Are you in close physical proximity to your servers? Do you access your own application multiple times per day? Then you're testing an atypical scenario of unusually low network latency and pre-cached resources.
At scale, you can't put everything into one domain because of performance bottlenecks and deployment considerations. All of the big providers -- the ones actually used by the majority of users -- do this kind of thing.
This argument of "you're holding it wrong" doesn't convince me when practically every day I interact with Fortune 500 orgs and have to wait tens of seconds to a minute or more for the browser to stop bouncing around between multiple data centres scattered around the globe.

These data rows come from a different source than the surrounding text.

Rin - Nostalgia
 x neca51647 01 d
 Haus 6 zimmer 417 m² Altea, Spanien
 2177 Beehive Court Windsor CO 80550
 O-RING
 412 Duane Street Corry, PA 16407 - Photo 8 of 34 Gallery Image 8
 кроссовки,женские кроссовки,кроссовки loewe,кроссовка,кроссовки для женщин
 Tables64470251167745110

Big providers have more resources than anyone when it comes to having their servers close to users and optimizing performance. They can afford things like AnyCast networks and custom DNS servers for things like Geo routing. Just because they don't doesn't mean they can't.
> you can't put everything into one domain because of performance bottlenecks
If you look at my original comment in this thread, I mentioned that to log in to something like Microsoft 365 via Azure Entra ID, the browser has to connect to a bunch of distinct DNS domains. About half of these are CDNs serving the JavaScript, images, etc... For example, customers can upload their own corporate logos and wallpapers and that has to be served up.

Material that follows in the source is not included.